I  Autorité religieuse  I    


                             L'abbé Henri BOUDET  1837 - 1905
                      Curé de la paroisse de Festes et Saint-André de 1866 à 1872                                                   

                     Ces quelques pages extraites de mon livre "Rennes-le-Château, en quête de vérité", ne révèlent aucun message sur l'affaire de Rennes-le-Château. Elles permettent simplement de faire découvrir ce que furent les quelques années du ministère de l'abbé Boudet dans cette cure de la vallée de la Corneilla, avant de rejoindre Rennes-les-Bains.
      Mme Marie Louise Cachelet , nous brosse là, le portrait du prêtre et de la reconnaissance qu'eut après son départ la population de ces deux communes.

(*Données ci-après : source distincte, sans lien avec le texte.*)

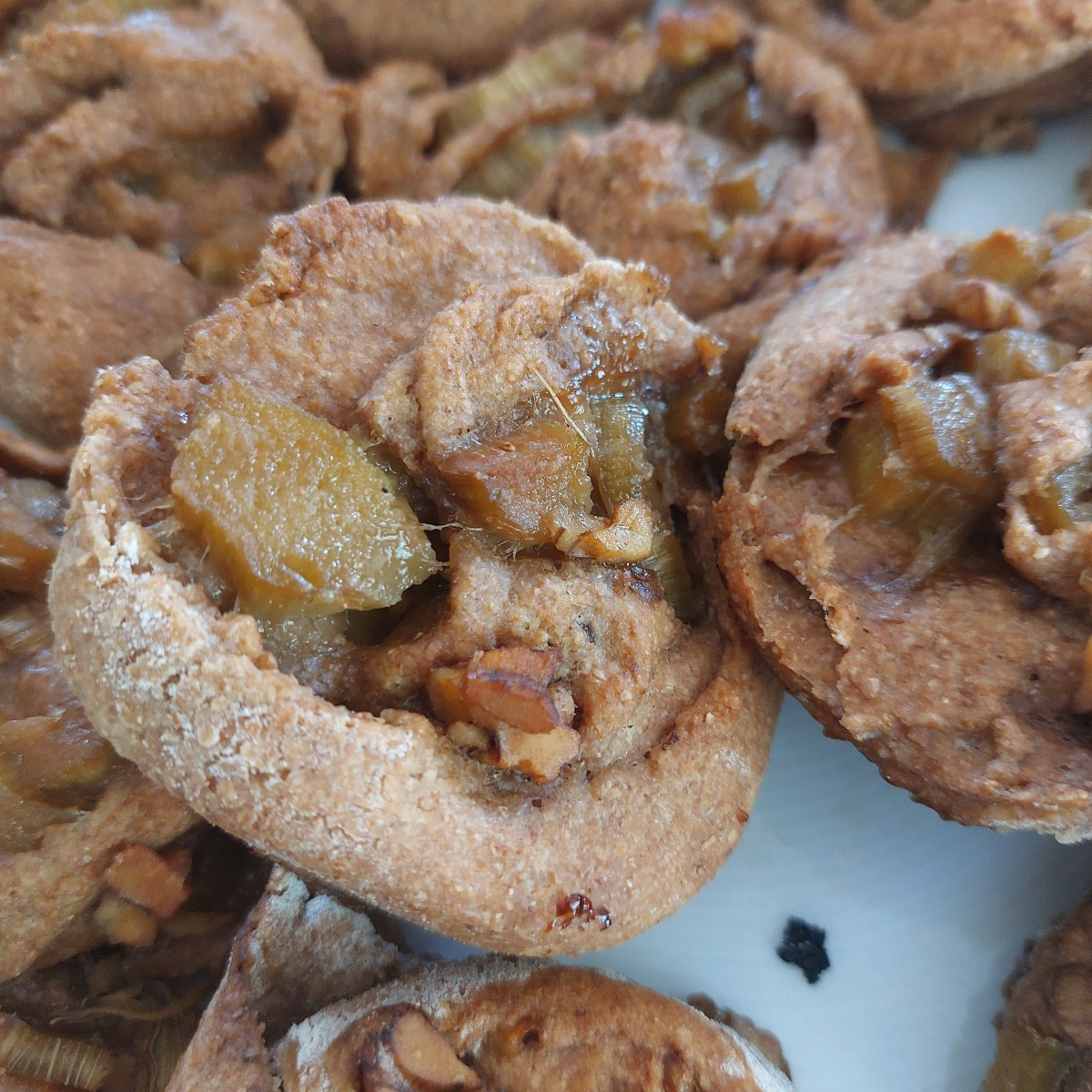 Es geht wieder los – mischt, puriert, backt, … das&nbsp;Solawi-Gemüse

          Natif de Saint-André, j'ajouterai qu'en feuilletant " la vraie langue celtique et le cromleck de Rennes -les-Bains" j'y ai retrouvé, dans certains chapitres, dés souvenirs qu'il avait gardé jalousement de ces longues promenades dans les champs et certains bois.  

tombe-boudet-pe-colorise-jpg.jpg

  Jean Jacques Henri Boudet est né à Quillan de parents assez modestes, le 16 novembre 1837. Son père travaillait comme directeur  d’une aciérie à Axat. Il a un jeune frère Edmond né en 1840 qui fut notaire à Axat pendant 21 ans. Après des études classiques au petit séminaire de Carcassonne et ecclésiastiques au grand séminaire, il est ordonné prêtre le 21 décembre 1861. Mgr Alexandre Roullet de la Bouillerie, Evêque de Carcassonne de 1855 à 1873, l’affectera successivement comme vicaire à Durban, le 1er janvier 1862, le 16 juin 1862 vicaire de Caunes Minervois et le 1er novembre 1866 à Festes et Saint-André qu’il quittera pour la cure de Rennes-les-Bains le 16 octobre 1872. Démissionnaire le 30 avril 1914 à la suite de différend avec la municipalité, l'abbé Boudet finira ses jours à Axat, ou il décèdera le 30 mars 1915 à l’âge de 78 ans.                    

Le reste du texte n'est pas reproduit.